To do – Going line by line through the records below, write out everything starting with the line containing "Autocolant electrostatic pentru" and going on through the line containing "Туалетний папір Toffly", exactly and inclusively. Pictures do not go in.

Available data –
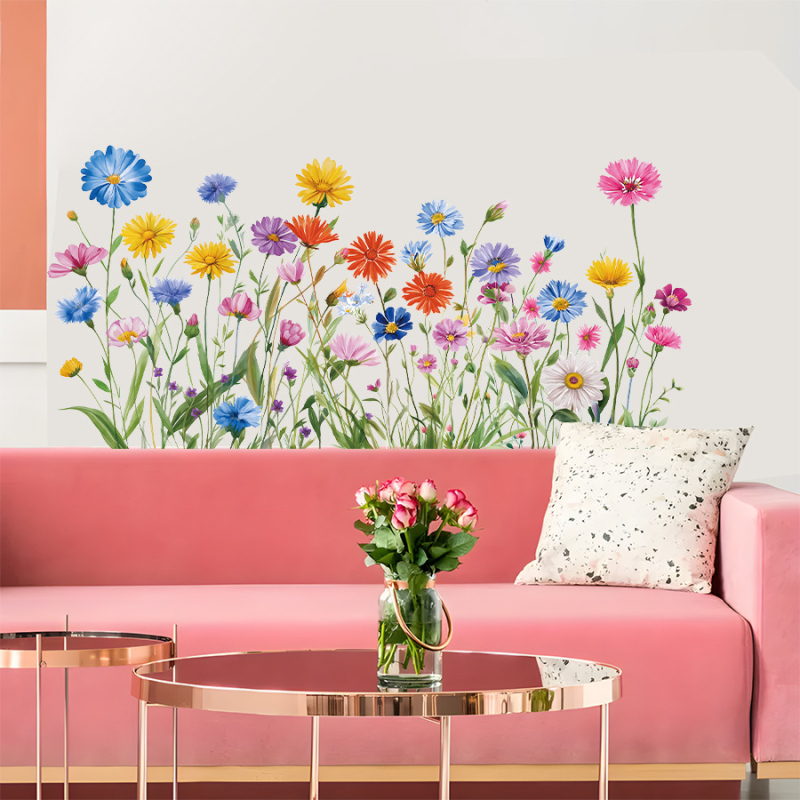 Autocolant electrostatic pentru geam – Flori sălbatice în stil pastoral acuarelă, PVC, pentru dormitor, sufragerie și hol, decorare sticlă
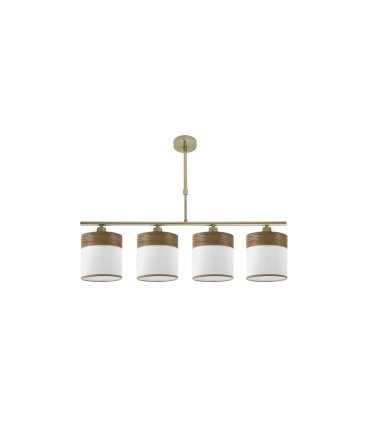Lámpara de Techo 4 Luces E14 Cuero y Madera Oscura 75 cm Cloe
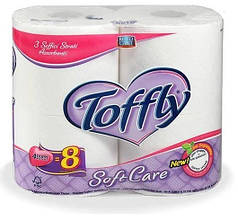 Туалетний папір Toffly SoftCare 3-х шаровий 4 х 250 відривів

* * *

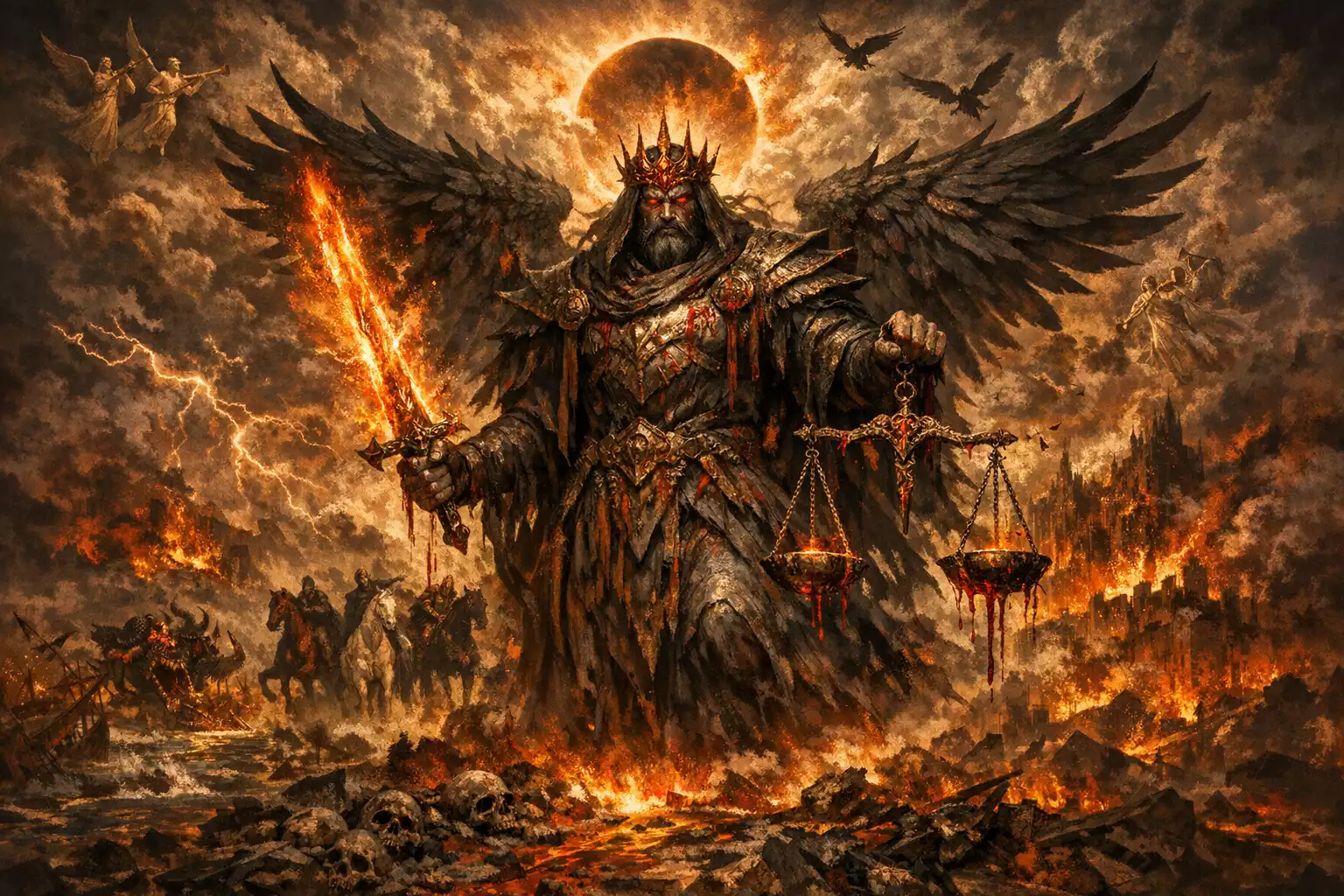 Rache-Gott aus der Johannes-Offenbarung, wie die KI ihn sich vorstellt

Worked solution –
 Autocolant electrostatic pentru geam – Flori sălbatice în stil pastoral acuarelă, PVC, pentru dormitor, sufragerie și hol, decorare sticlă
Lámpara de Techo 4 Luces E14 Cuero y Madera Oscura 75 cm Cloe
 Туалетний папір Toffly SoftCare 3-х шаровий 4 х 250 відривів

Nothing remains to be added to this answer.